The elaborate symbolic structure of Explosion in a Cathedral attempts to come to grips with the relationship between the movement of history and the fixity of emblems, not only in an abstract sense, but in the very concrete mode in which Carpentier's historical fiction tends, by its allegoric and archetypal quality, to move into an ideal realm of significantion. (p. 253)
It is the materiality of the emblem, in this as well as in previous novels by Carpentier, that has the most significance. Carpentier's insistence on the guillotine, on costumes, on buildings, on paintings and statues, obviously related to his use of capital letters, is an attempt to invest a character or event with a solid, materially fixed meaning. (p. 255)
What emerges from Carpentier's experiments in Explosion in a Cathedral is parody: parody that results from the confrontation of the future with a source, a pre-text, whose ideal, phantasmatic form is violated to allow for a textual free play. In historical terms, the parody results from the overturning of the core of Western civilization by the popular culture arising at the juncture of the eighteenth and nineteenth centuries. In terms of writing, parody becomes the locus created by the fissure, now assumed, between thought and its signs—a humorous allegory that underlines the hollow materiality of signs and the temporal gap between meaning and its representation…. [History] has become parodic repetition, its own end, and the sources of the text are revealed in their deformed, desecrated condition, instead of being concealed and covered to safeguard their originality and that of the text.
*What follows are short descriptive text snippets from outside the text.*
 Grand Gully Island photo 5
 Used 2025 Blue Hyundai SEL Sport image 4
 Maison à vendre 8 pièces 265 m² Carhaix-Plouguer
The most superficial indication of a change is the absence of solemnity; humor was almost completely missing in Carpentier's earlier production (with the exception of "El milagro de Anaquillé"). Stemming from this new element and from the recapitulatory nature of Carpentier's works from Explosion in a Cathedral on, which recover themes and topics of his earlier works, there is also an element of self-parody that is obviously related to self-reflexiveness. (pp. 256-57)
Faithful to the implications of [the third style, mentioned earlier, which Carpentier defines as nonstyle], the newest narratives constitute a return to the city—not to the city as the stony labyrinth of architecture (of arch-texture) but to the city become a mock-up, a stage for comic opera. (p. 257)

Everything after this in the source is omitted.